Winesburg, Ohio is a portrait of regional life based on the author’s experience growing up in the 1880s. Anderson captures the fleeting small-town of those years and pins it to the page like a lepidopterist. When I read the book again to prepare for this introduction, I found it as resonant and poetic as I did in my twenties, when I devoured it in one sitting riding the rails from Chicago to New York, a journey the author made countless times. Almost three decades on, I wonder afresh why Anderson is not better known. At his best, he is one of the best. Hemingway admired him, and so did Faulkner and Thomas Wolfe, though all his disciples deserted him in the end. He would have appreciated the irony, as his masterpiece (alright: a minor one) is an elegy to thwarted expectation.

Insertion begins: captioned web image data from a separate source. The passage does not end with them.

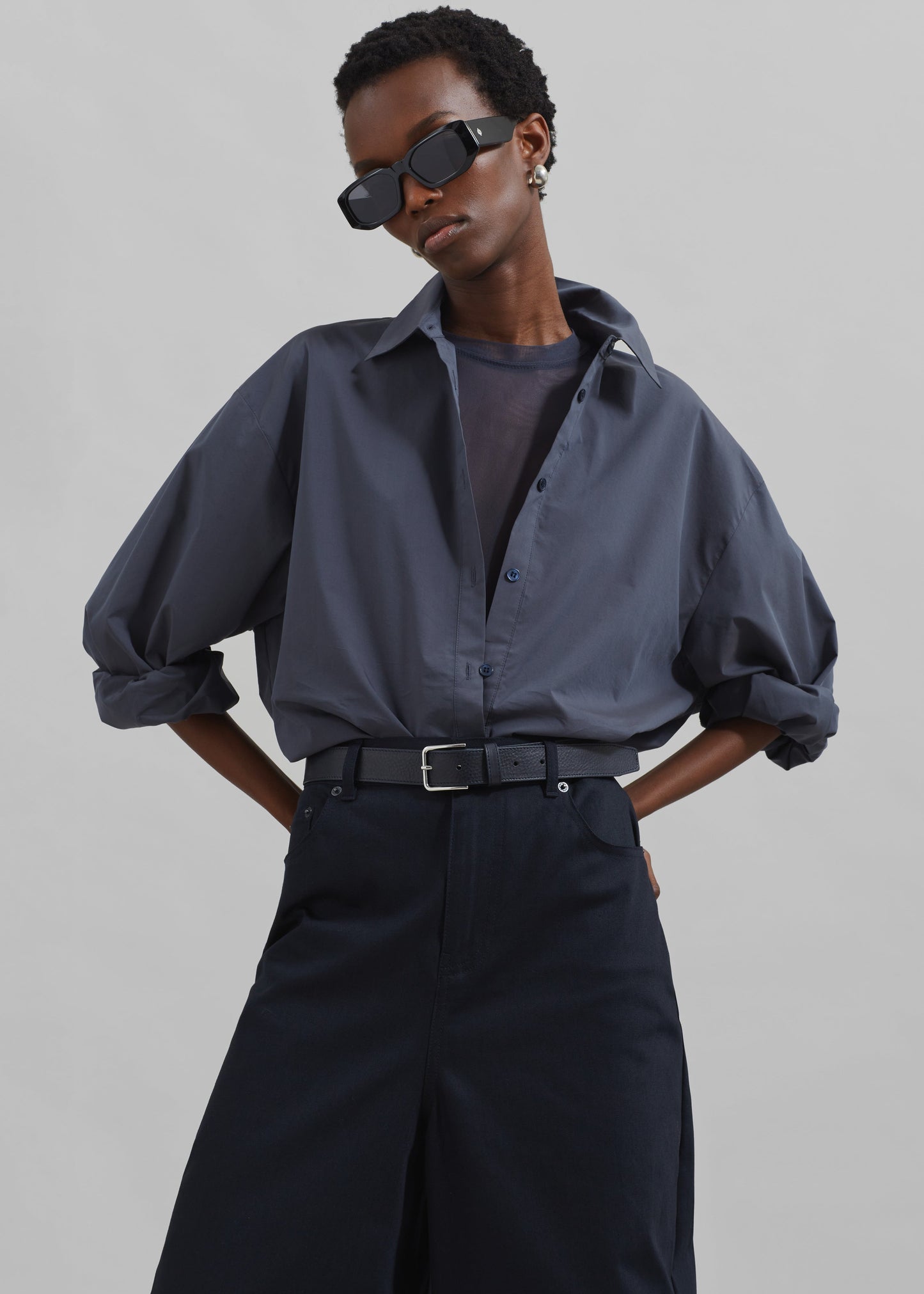 Kae Back Slit Button Up Shirt - Charcoal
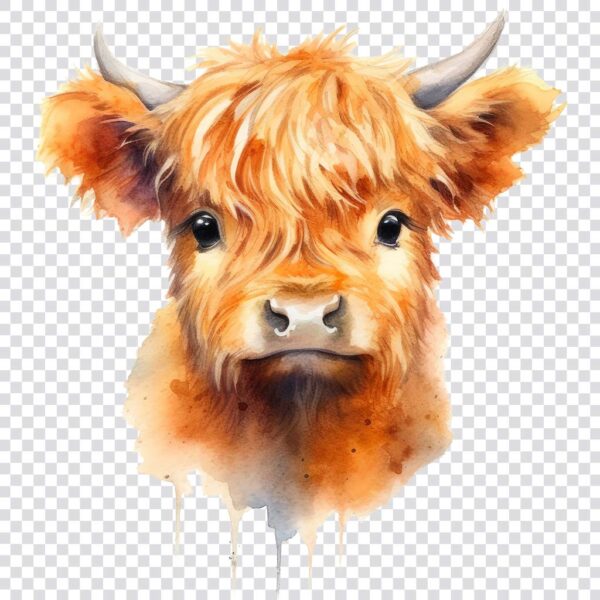 Watercolor Baby Highland Cow Portrait Clipart Bundle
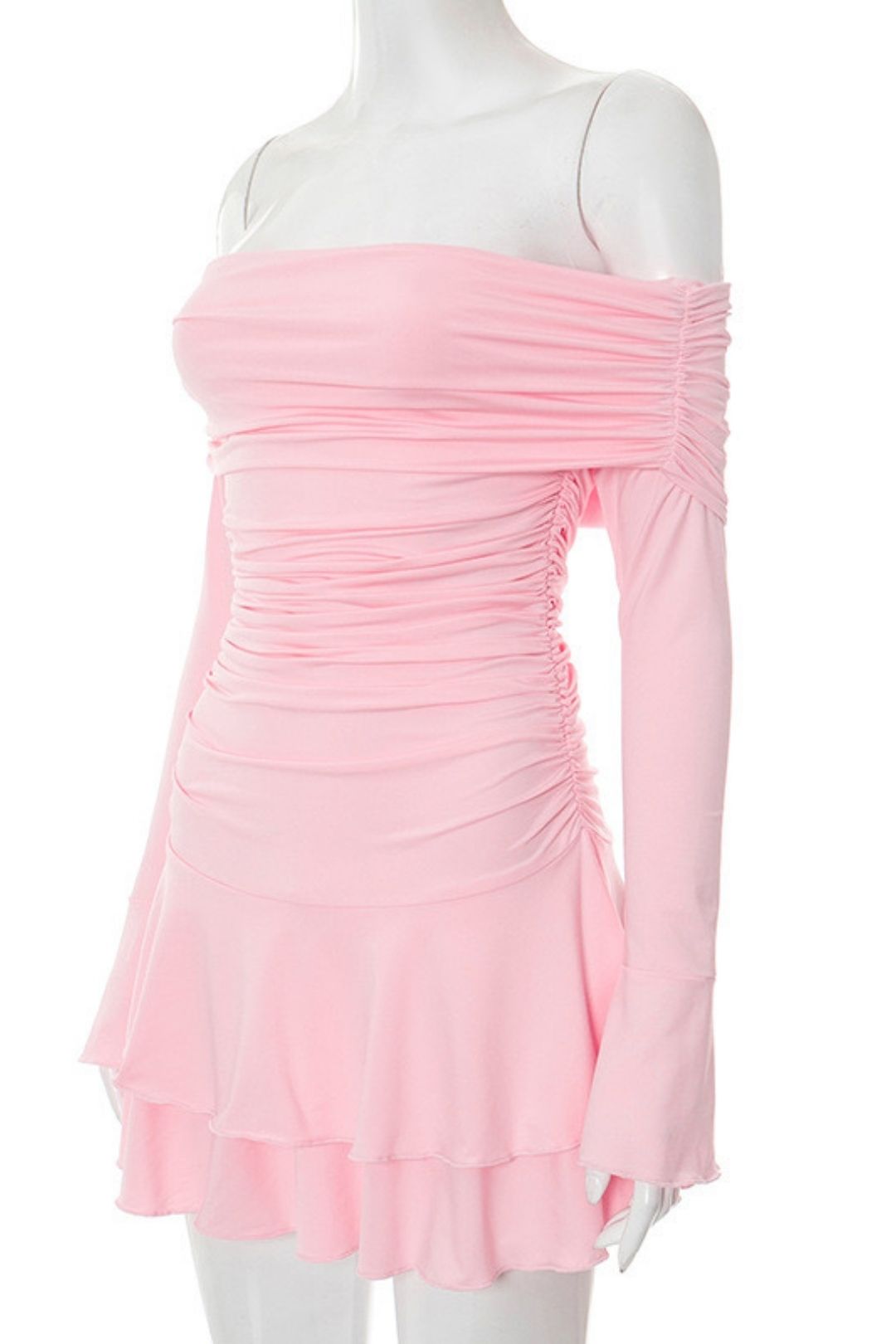 Summer New Pure Color One-Line Collar Pleated Ruffled Long-Sleeved Sexy Dress And Skirt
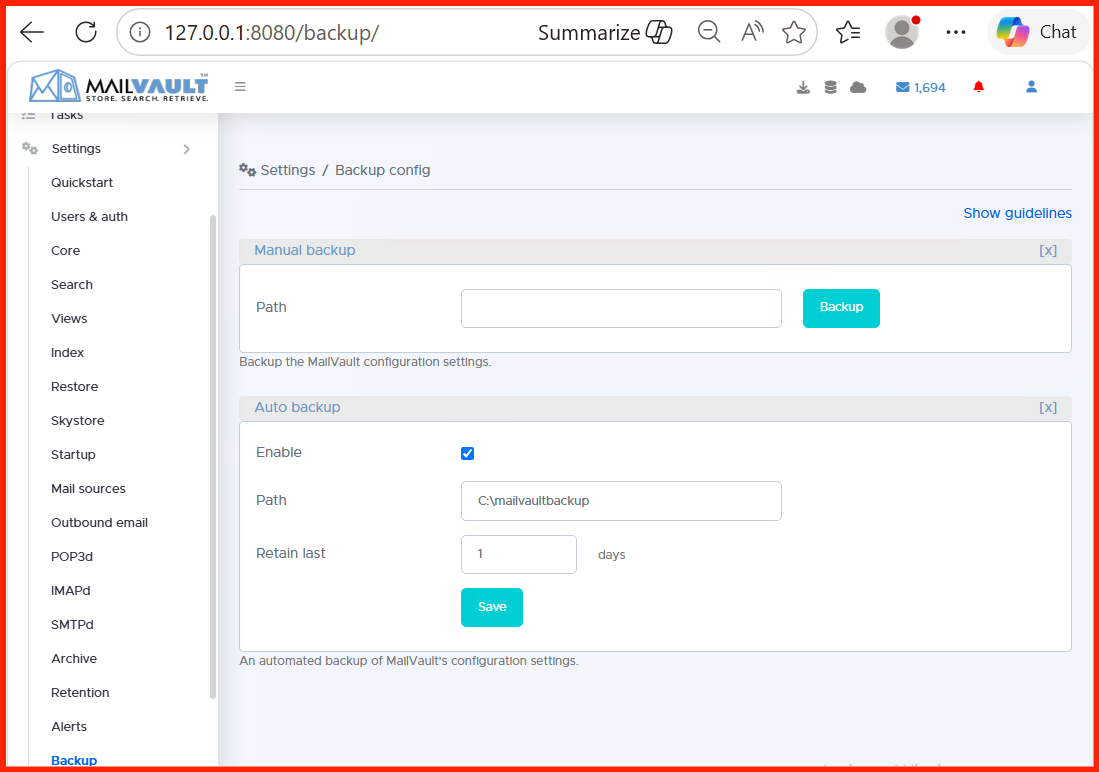 Backup Configuration Settings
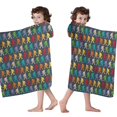 thumbnail image 4 of Multicolor Bigfoot Pattern Hooded Bath Towel，60"x35" for Ages 3 To 12 Kids, Quick Dry Lightweight Soft Microfiber Hood Beach Towel Cover Up for Kids, 4 of 7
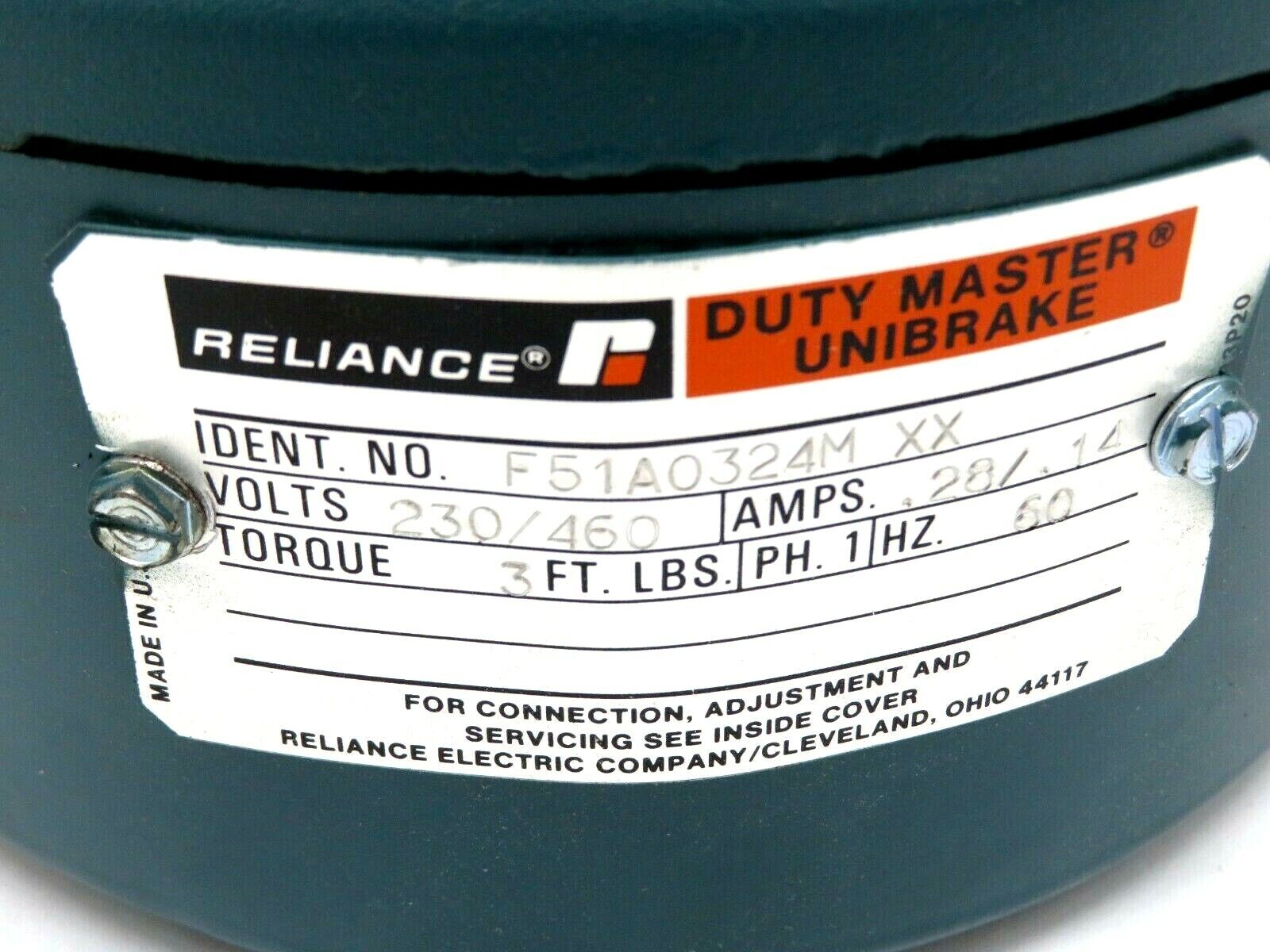 NEW RELIANCE F51A0324M BRAKE 230/460 VOLTS 60HZ - Image 4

Anderson’s characters include the lamplighter, the night watchman at the Paris Dry Goods Company, the tired-out hotelier’s wife: all from Winesburg. News from the state capital Columbus never intrudes on the action, let alone from Washington, DC or the wider world. By including a map at the start of his book, Anderson encourages readers to familiarise themselves with the hugger-mugger layout of his Midwest settlement, and he begins many of the twenty-two tales by precisely locating the protagonist’s house. As the seasons unfurl, the author conjures tin roofs baking in summer sun, a team of horses stamping in the snow, and fragrant wagons at berry-picking time under a June moon when a storm threatens in the west and silhouetted day labourers pitch boxes into express cars. Each tale is self-contained, but characters recur, and the background remains the same: Winesburg, and the black earth of the Midwest.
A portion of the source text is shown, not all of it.